Hardt: Die Zwei-Staaten-Lösung als Konzept existiert schon seit Jahrzehnten. Der Vorschlag, Israel und Palästina als zwei eigenständige Staaten nebeneinander zu etablieren, geht auf den UN-Teilungsplan von 1947 zurück. Auch im Rahmen des Oslo-Abkommens in den 1990er Jahren war die Zwei-Staaten-Lösung ein zentrales Ziel. Trotz dieser früheren Ansätze bleibt die Umsetzung schwierig, und die Realität vor Ort hat sich seither dramatisch verändert. Es gibt jedoch einen guten Grund, warum die Zwei-Staaten-Lösung immer noch auf dem Tisch ist: Alle anderen Optionen sind noch viel schlechter.
Eine der größten Hürden im Friedensprozess ist das tiefsitzende Misstrauen zwischen Israel und den Palästinensern. Auf israelischer Seite bestehen Sicherheitsbedenken, die durch Raketenangriffe und Terroranschläge verstärkt werden. Die Palästinenser sehen den Ausbau israelischer Siedlungen als Bedrohung für die Schaffung eines eigenen Staates. Zusätzlich erschwert die Spaltung zwischen Fatah im Westjordanland und Hamas im Gazastreifen eine einheitliche palästinensische Führung. Die aber wäre nötig für tragfähige Verhandlungen. Meiner Meinung nach kann sie nur aus Fatah und unabhängigen oder neuen Gruppierungen bestehen. Denn mit der Hamas kann man nur bis zur nächsten Rakete verhandeln.

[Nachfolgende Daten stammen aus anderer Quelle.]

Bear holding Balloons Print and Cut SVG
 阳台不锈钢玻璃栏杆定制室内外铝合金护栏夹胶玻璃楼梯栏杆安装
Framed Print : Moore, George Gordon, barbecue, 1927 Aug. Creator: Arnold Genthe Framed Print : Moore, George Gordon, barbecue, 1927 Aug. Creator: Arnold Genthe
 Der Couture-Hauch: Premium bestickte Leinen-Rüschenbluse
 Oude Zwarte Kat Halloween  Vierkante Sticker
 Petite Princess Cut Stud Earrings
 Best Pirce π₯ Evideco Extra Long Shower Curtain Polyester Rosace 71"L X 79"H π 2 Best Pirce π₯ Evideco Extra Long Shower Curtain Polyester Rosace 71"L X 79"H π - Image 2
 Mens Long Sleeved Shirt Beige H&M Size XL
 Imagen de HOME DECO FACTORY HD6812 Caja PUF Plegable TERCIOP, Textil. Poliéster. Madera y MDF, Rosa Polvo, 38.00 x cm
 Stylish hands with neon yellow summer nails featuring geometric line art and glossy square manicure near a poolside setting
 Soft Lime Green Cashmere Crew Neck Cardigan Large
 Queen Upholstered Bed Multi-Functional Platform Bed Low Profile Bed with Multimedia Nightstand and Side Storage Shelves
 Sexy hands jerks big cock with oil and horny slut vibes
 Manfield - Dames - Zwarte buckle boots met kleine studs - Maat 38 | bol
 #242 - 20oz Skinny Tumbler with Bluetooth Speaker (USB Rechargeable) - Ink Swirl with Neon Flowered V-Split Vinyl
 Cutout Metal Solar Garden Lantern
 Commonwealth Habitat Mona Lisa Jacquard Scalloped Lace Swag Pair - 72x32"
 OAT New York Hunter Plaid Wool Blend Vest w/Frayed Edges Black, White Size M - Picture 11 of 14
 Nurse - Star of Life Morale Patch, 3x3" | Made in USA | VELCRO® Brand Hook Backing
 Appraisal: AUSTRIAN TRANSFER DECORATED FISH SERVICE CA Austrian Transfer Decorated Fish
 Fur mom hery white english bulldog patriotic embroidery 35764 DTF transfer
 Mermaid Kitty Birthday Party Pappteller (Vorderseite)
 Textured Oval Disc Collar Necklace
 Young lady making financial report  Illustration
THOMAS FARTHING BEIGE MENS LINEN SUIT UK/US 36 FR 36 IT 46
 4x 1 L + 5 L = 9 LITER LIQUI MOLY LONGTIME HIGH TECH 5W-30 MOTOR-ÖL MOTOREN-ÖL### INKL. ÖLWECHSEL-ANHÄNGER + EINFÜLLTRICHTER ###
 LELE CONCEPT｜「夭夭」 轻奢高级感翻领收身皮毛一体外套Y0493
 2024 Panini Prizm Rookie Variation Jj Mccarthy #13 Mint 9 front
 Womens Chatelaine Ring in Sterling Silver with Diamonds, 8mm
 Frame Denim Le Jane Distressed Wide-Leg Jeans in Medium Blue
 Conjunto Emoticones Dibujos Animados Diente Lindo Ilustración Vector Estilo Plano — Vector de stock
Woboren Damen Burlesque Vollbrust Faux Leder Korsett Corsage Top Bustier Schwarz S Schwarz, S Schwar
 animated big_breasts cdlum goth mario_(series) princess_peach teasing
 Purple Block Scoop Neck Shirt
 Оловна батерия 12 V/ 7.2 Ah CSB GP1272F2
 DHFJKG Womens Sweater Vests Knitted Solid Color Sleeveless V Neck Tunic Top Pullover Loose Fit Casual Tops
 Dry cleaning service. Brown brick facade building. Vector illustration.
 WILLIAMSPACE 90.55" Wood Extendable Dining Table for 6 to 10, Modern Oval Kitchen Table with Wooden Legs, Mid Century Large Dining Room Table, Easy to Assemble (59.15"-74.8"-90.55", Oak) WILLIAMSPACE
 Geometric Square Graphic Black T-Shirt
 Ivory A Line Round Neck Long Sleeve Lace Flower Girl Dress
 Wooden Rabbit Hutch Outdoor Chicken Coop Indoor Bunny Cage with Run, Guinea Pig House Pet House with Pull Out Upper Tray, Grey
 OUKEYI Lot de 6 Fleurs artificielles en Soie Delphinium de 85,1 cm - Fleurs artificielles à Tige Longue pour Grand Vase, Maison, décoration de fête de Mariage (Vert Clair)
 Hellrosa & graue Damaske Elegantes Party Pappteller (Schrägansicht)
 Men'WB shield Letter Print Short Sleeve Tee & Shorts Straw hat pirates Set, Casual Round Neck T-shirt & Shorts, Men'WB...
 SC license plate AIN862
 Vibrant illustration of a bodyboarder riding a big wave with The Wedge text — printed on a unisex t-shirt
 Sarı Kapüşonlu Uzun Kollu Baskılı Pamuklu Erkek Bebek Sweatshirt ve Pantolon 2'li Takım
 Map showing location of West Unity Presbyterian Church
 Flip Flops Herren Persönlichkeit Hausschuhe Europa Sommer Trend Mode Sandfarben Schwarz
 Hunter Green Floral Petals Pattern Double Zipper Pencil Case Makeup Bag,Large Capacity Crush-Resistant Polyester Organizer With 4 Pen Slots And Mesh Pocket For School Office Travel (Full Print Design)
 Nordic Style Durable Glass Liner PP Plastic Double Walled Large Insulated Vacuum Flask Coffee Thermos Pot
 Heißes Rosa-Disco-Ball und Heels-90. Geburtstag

Wenn die Zwei-Staaten-Lösung eine Chance haben soll, dann braucht es nicht nur den Willen der Konfliktparteien, sondern auch erhebliches internationales Engagement. Die USA, die EU und arabische Nachbarstaaten müssen eine aktive Rolle spielen. Sie müssen die Sicherheitsbedenken Israels und die legitimen Ansprüche der Palästinenser berücksichtigen.